Dataset excerpt.
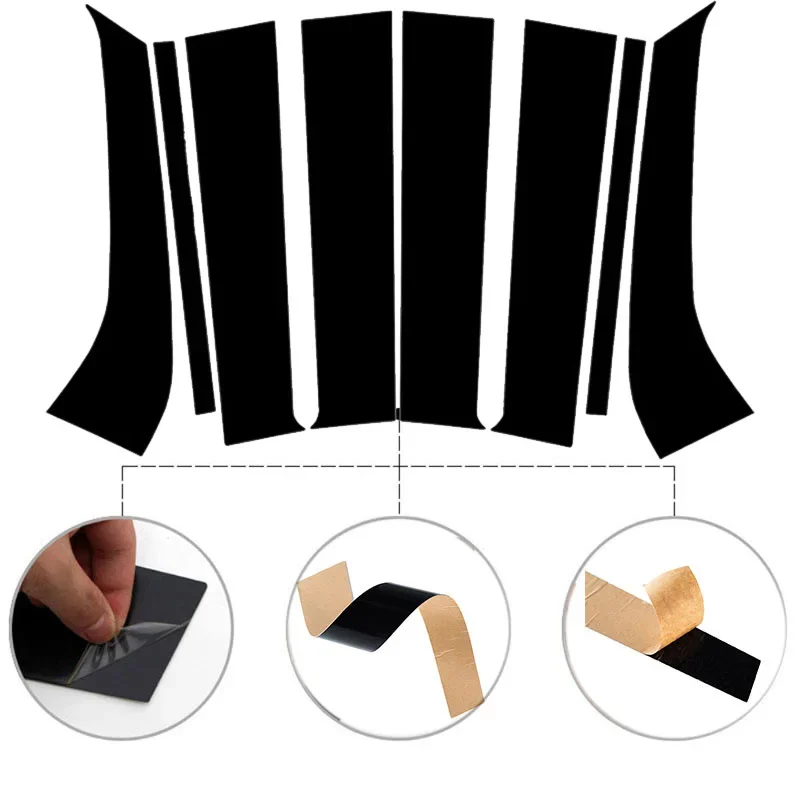 Glossy Piano Black Car Door Window Pillar Posts Sticker Trim Cover Decal Auto Accessories Fit For Ford Everest 2023-2024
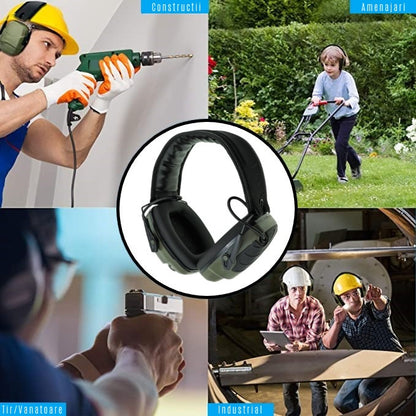 Casti tactice antifon activ INVINCIO® HL, protectie auz, antifonate electronic, doua microfoane, filtrare zgomot ambiental, sensibilitate reglabila, profil redus, conectare audio prin jack, pentru poligon, vanatoare, paintball, airsoft, Verde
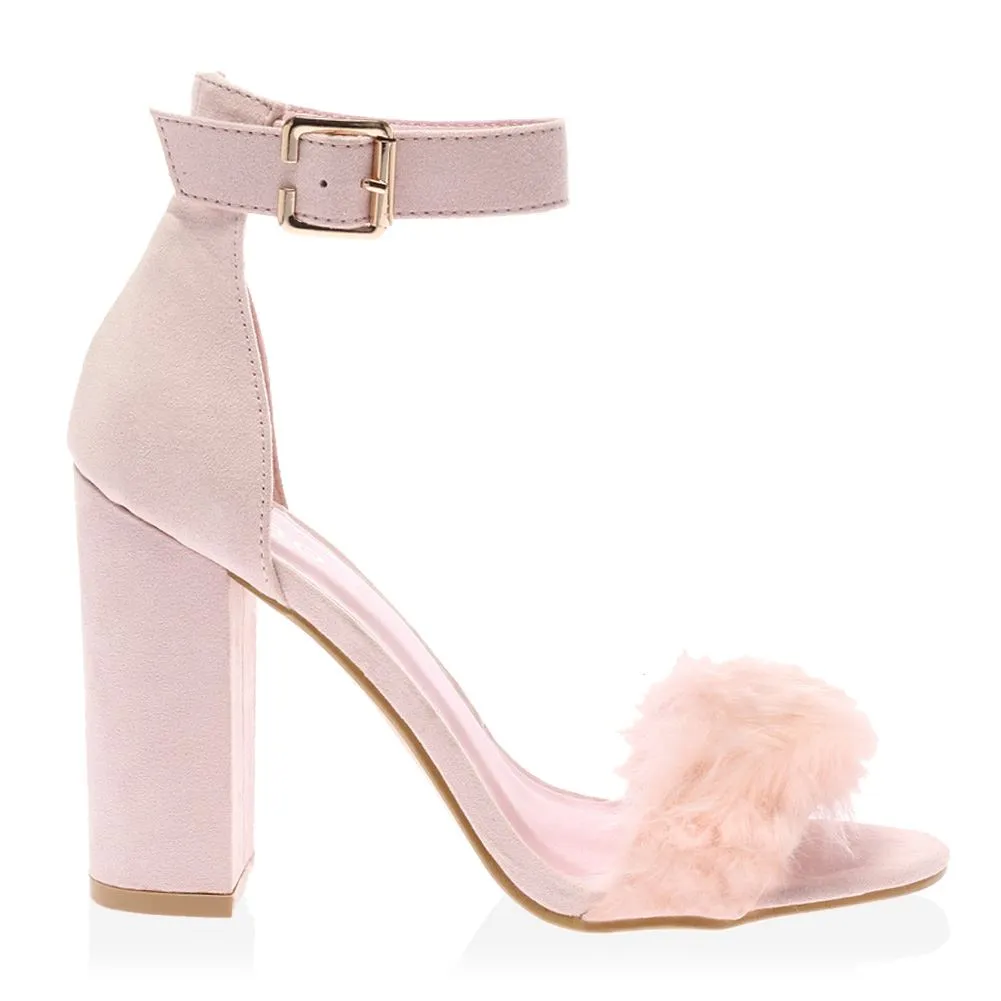 Celine Pink Faux Suede Block Heels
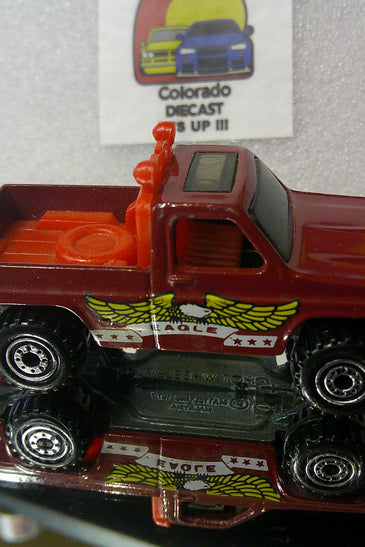 LOOSE HOT WHEELS DARK RED BYWAYMAN TRUCK w/CT WHEELS METAL BASE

Prompt.
Take the lines of the material above from the first through the one containing "Casti tactice antifon", both included, and print them exactly without the pictures.

Your response.
 Glossy Piano Black Car Door Window Pillar Posts Sticker Trim Cover Decal Auto Accessories Fit For Ford Everest 2023-2024
 Casti tactice antifon activ INVINCIO® HL, protectie auz, antifonate electronic, doua microfoane, filtrare zgomot ambiental, sensibilitate reglabila, profil redus, conectare audio prin jack, pentru poligon, vanatoare, paintball, airsoft, Verde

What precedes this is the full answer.